13. En l’espèce, M. A… serait arrivée en France en 2016 selon ses déclarations, et n’a pas fait l’objet d’une précédente mesure d’éloignement. Toutefois, la requérante n’apporte aucune preuve quant à l’existence de liens personnels sur le territoire français. Ainsi, et ce quand bien même le comportement de Mme A… n’est pas susceptible de constituer un trouble à l’ordre public, le préfet des Côtes-d’Armor pouvait édicter une mesure d’interdiction de retour sur le territoire français d’une durée de deux ans sans commettre d’erreur manifeste d’appréciation.
14. Il résulte de tout ce qui précède que les conclusions à fin d’annulation présentées par Mme A… doivent être rejetées ainsi que par voie de conséquence, ses conclusions à fin d’injonction sous astreinte et celles présentées sur le fondement des articles L. 761-1 du code de justice administrative et 37 de la loi du 10 juillet 1991.
D É C I D E :
Article 1er : Mme A… est admise provisoirement au bénéfice de l’aide juridictionnelle.

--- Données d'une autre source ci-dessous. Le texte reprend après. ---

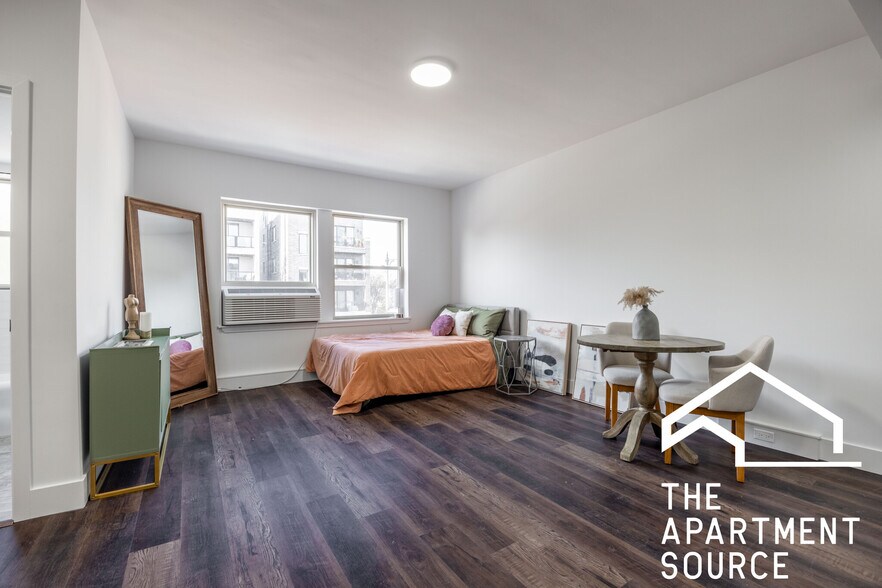 Building Photo - 1555 W Hollywood Ave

Article 2 : La requête de Mme A… est rejetée.
Article 3 : Le présent jugement sera notifié à Mme B… A… et au préfet des Côtes-d’Armor.

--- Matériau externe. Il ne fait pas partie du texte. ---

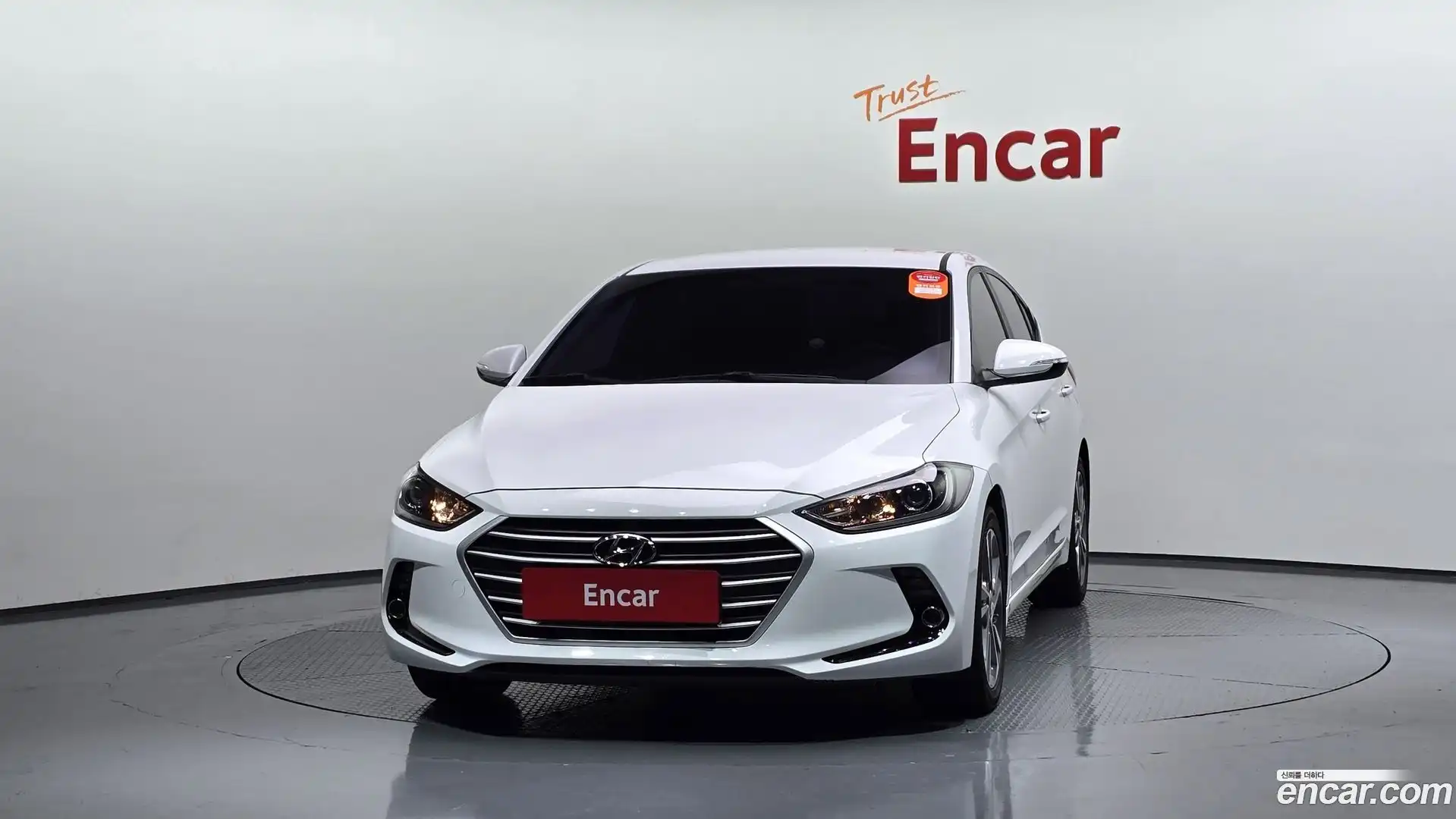 AVANTE Hyundai 2017.8-OUTER-003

Délibéré après l’audience du 18 septembre 2025, à laquelle siégeaient :
M. Descombes, président,
M. Le Roux, premier conseiller,
Mme Le Berre, première conseillère.
Rendu public par mise à disposition au greffe le 2 octobre 2025.
La rapporteure,
Signé
A. Le BerreLe président,
Signé
G. DescombesLe greffier,
Signé
J.-M Riaud
La République mande et ordonne au préfet des Côtes-d’Armor en ce qui le concerne ou à tous commissaires de justice à ce requis en ce qui concerne les voies de droit commun, contre les parties privées, de pourvoir à l’exécution de la présente décision.